The reading rooms
The Barber Institute and its interiors have grade 1 listed status. The tables and chairs were designed by Gordon Russell, a very well-respected company that was based in Worcestershire and founded by Gordon Russell (1892-1980) in 1923 after he returned from active service in France. Russell was one of the most successful British furniture designers of the twentieth century and the company bearing his name became synonymous with great quality.
Gordon Russell also designed the furniture for the original Music Library (now the Photograph Room) and the lecture theatre. For more information on Gordon Russell see the Gordon Russell Design Museum.
The clocks on the walls in both the Main and Small reading rooms were manufactured by Dent and Co., the makers of Big Ben.

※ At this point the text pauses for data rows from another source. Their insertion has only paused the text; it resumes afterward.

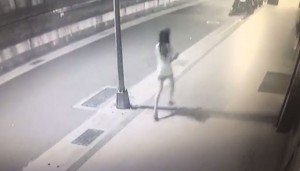 李女被搶後在街頭狂奔呼救。(資料照,記者劉慶侯翻攝) 李女被搶後在街頭狂奔呼救。(資料照,記者劉慶侯翻攝)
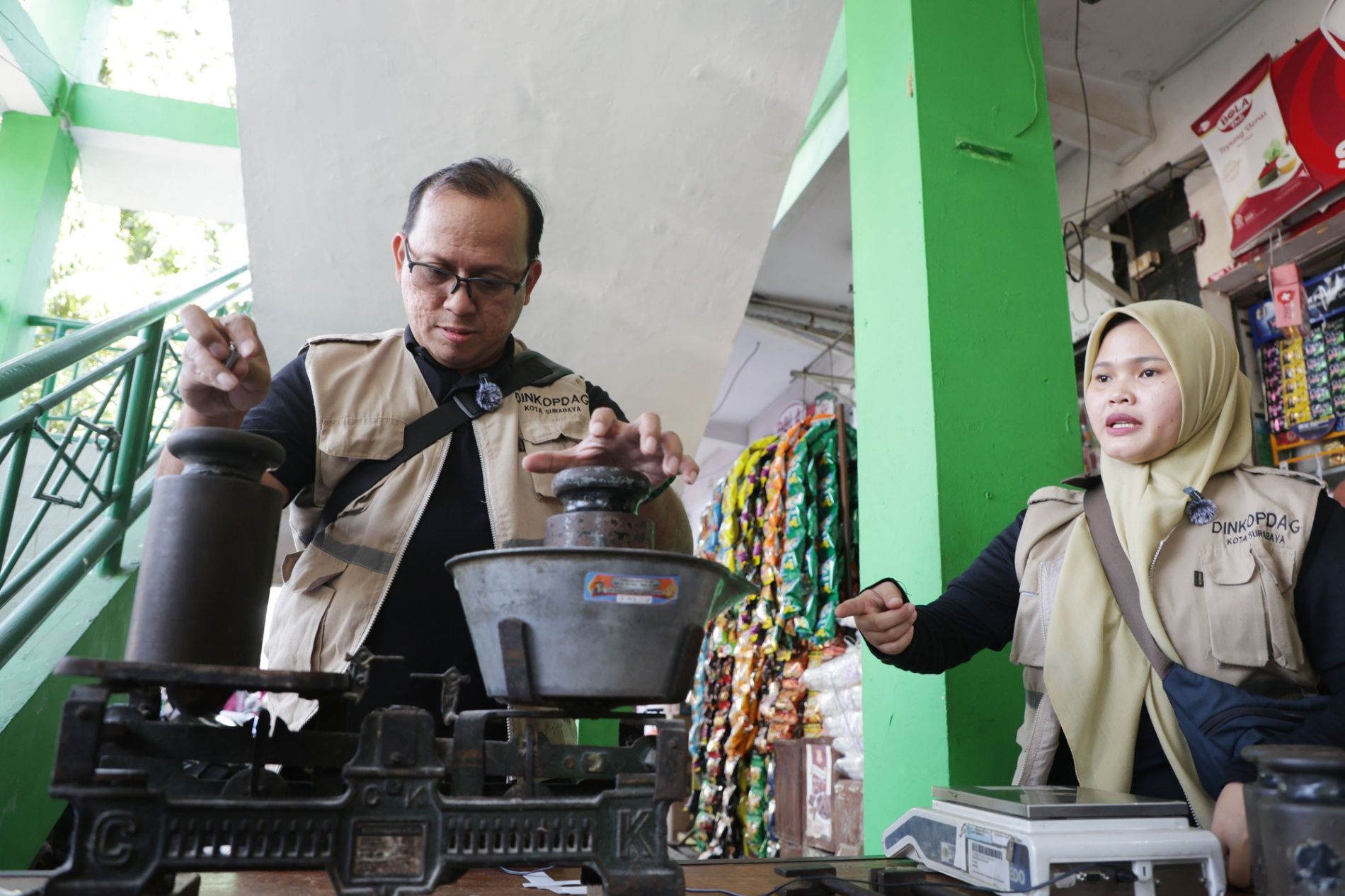 Tera Timbangan Gratis Keliling Pasar, Surabaya Jaga Kepercayaan Pedagang dan Konsumen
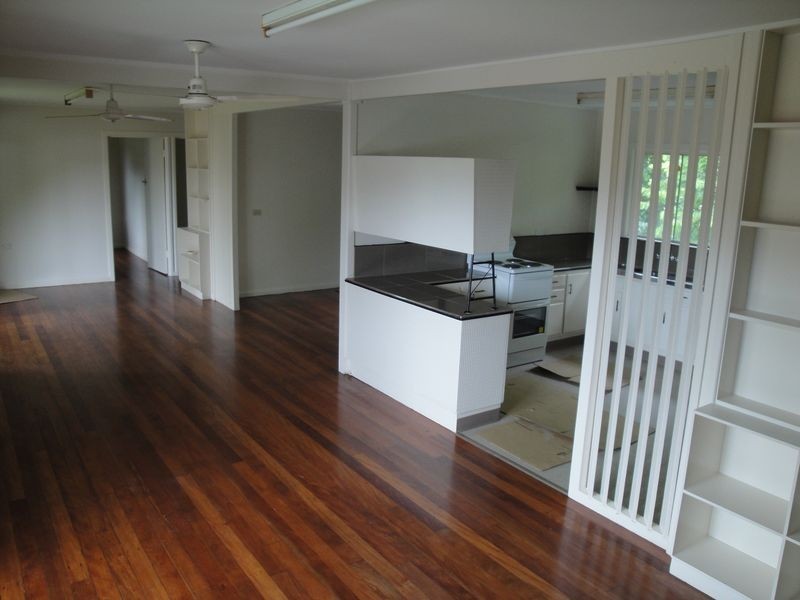 6 Lyons Street, South Gladstone QLD 4680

Bust of Thomas Bodkin by Charles Wheeler
The sculpture above the metal door in the Main Reading Room is a bust of Thomas Bodkin, the first director of the Institute. It was made by Charles Wheeler, who was a sculptor and also a friend of Bodkin’s. It had been exhibited at the RA in 1958 and was donated to the Institute after Bodkin’s death in 1961. A letter from Bodkin’s widow, Helen, thanked the artist and explained that the Institute had broken its own rules to accept the work. This refers to the terms of the Trust Deed, which stipulated that only ‘works of art or beauty of exceptional or outstanding merit’ executed before the end of the nineteenth century should be acquired. The terms of the deed were changed in 1967 to enable the acquisition of more recent works of art, providing they were over 30 years old.
RIBA Medal
Embedded in the glass of the interior door to the Main Reading Room is the RIBA (Royal Institute of British Architects) bronze medal awarded to Robert Atkinson for the design of the Institute by the Birmingham and Five Counties Architectural Association in 1946. From its opening, Atkinson received much praise for both the building’s aesthetic and functional merits and leading British architectural historian Sir John Summerson stated that it represented ‘better than almost any other building (except, perhaps the RIBA in Portland Place) the spirit of English architecture in the 1930s’.